Magdeburg l Zeit für Söhnchen Haakon. Kaffee trinken. Beine hochlegen. Entspannen. Der Montag des Marcel Hacker in seiner Wahlheimat Blankenburg hatte viel von Ruhe. Bevor der 1,96-Meter-Hüne vom SCM wieder das erledigt, was er seit 1991 täglich erledigt: "Wir werden weiter trainieren. Und wir werden sehen, was geht", erklärte der 37-Jährige am Tag nach seinem Silber-Gewinn bei den deutschen Kleinboot-Meisterschaften in Brandenburg.

Während ihn die Medaille sogar glücklich stimmte, zeigt deren Kehrseite dem deutschen Rudern sein nun größtes Problem auf: Nach 40 erfolgreichen Jahren, in denen Olympiasieger und Weltmeister wie Peter-Michael Kolbe, Thomas Lange oder eben Hacker diese Diziplin prägten, muss nun nach einem international konkurrenzfähigen Nachfolger gesucht werden - zunächst für die neue Saison.

Entspannung konnte sich der Bundestrainer deshalb nicht leisten an den vergangenen beiden Tagen. Marcus Schwarzrock ist ja für solche Momente erprobt als Fan des Hamburger SV, der dem Abstieg aus der Fußball-Bundesliga entgegentaumelt. "Da muss man sehr leidensfähig sein", sagte er lachend. Aber zum Lachen ist dem Chefcoach im Deutschen Ruderverband (DRV) eigentlich nicht. Wenn er über das Prestigeboot Einer redet, senkt sich die Stimme um eine Oktave und klingt nachdenklich: Am Sonntag sind ihm mit dem finalen Resultat auf dem Beetzsee die Solo-Skuller auf Weltniveau ausgegangen. "Wir haben ein klares Einer-Problem, das muss man so sagen", bestätigte Schwarzrock.

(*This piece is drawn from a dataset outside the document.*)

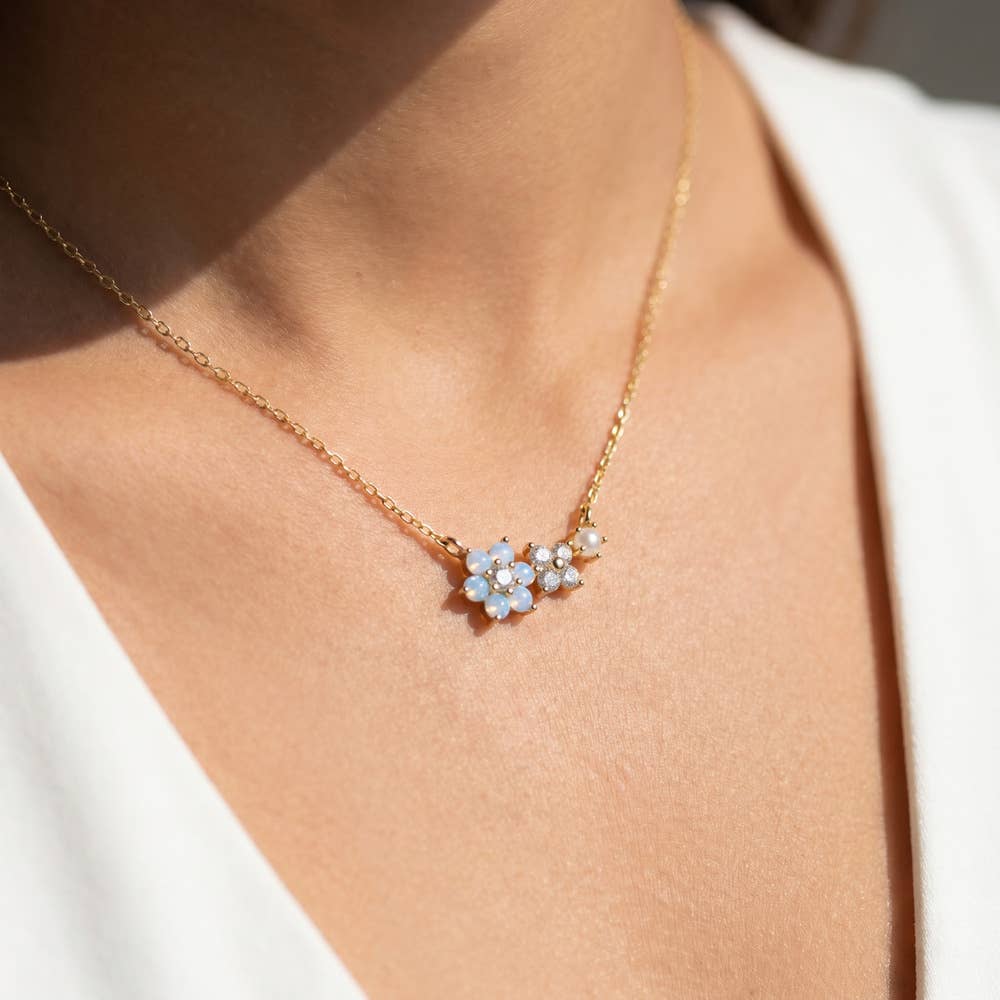 Daisy Cluster Pendant Necklace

Dass der favorisierte Hacker sein selbstgestecktes Ziel, mit sechs Sekunden Vorsprung zu gewinnen, nicht erfüllen könnte, "dafür hatte es kleine Anzeichen im Vorfeld gegeben", meinte Schwarzrock. Das letzte bei der Langstrecke in Leipzig, als Stephan Krüger den Altmeister über die 6000 Meter um 19 Sekunden auf Platz zwei verwies. In Brandenburg gewann der 26-jährige Rostocker mit 2,28 Sekunden über 2000 Meter. "Er hat seine ganze Klasse ausgespielt", betonte Schwarzrock. Aber diese Klasse war und ist vor allem für den Doppelzweier besonders wertvoll.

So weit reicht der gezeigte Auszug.